I'd forgot all about them picts,you sure hang out with a ruff looking bunch......hopefully we can get back down there & hunt some of them persimmons we found.....you ready for  the Green River WMA  trad hunt....


----------



## devolve (Aug 14, 2010)

that last picture is awesome


----------



## TNGIRL (Aug 14, 2010)

I have taken just a few pictures of the camps I hunted from last year. Some shots were just wonderful places and some were wonderful people. 




Hachett Dan in camp at the Oconee hunt in Dec. 2009.




Martin, Donnie Poole and Jeff Hampton around the fire at the Oconee hunt.




A graveyard I found while hunting at Oconee. I love graveyards!!!




A special chimney on a hunt, guess it's my favorite spot to ever be.




A Schley county Sunday sunrise. Jeff took this shot.




Going thru the cypress at Horsecreek in Oct. 2009.




Love the dutch oven cooking in camp!!!!!




Beware of entering our Ladies Only Hunt at Rum Creek....we are armed and could be considered dangerous!!!!




Our camp at Rum Creek, Oct. 2009.




Here we are on our scouting day, minus one (blondie~for~browning/Anna couldn't make it).
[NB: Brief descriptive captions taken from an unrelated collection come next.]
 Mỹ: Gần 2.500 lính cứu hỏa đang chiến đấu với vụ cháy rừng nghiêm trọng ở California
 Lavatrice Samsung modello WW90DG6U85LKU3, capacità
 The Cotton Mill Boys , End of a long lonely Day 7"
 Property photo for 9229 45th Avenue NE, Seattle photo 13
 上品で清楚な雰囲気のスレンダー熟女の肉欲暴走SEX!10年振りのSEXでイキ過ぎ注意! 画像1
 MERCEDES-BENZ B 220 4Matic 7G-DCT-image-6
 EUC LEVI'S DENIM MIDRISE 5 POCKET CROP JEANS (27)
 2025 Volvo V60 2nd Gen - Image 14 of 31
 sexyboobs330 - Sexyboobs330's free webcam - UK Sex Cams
Sept. 2009....we look rather harmless don't we!!!


----------



## bam_bam (Aug 14, 2010)

Here are some from the Horse creek hunt and some in Schley County


----------



## bam_bam (Aug 14, 2010)

Here is a couple from Bullard creek WMA...I know it not camp pics but I Like them.

Huge Swamp Chestnut







Just a pic I took





Had to share this one


----------



## Apex Predator (Aug 14, 2010)

Cumberland!


























Altamaha!


----------



## ky_longbow (Aug 14, 2010)

Mark  yep green river sounds fun, and i also know ya got plenty of pics......


----------



## 7Mag Hunter (Aug 14, 2010)

*Hunt camp pix*

Oaky Woods 2009


----------



## ky_longbow (Aug 14, 2010)

nice pics...............man that rum creek gang looks RUFF......


----------



## dutchman (Aug 14, 2010)

Not your typical camp photo...

Might have been some lying going on in the second photo. Heck, might have been some lying going on in both photos!


----------



## TNGIRL (Aug 14, 2010)

now them is some ruff pictures dutchman!!!!!!!


----------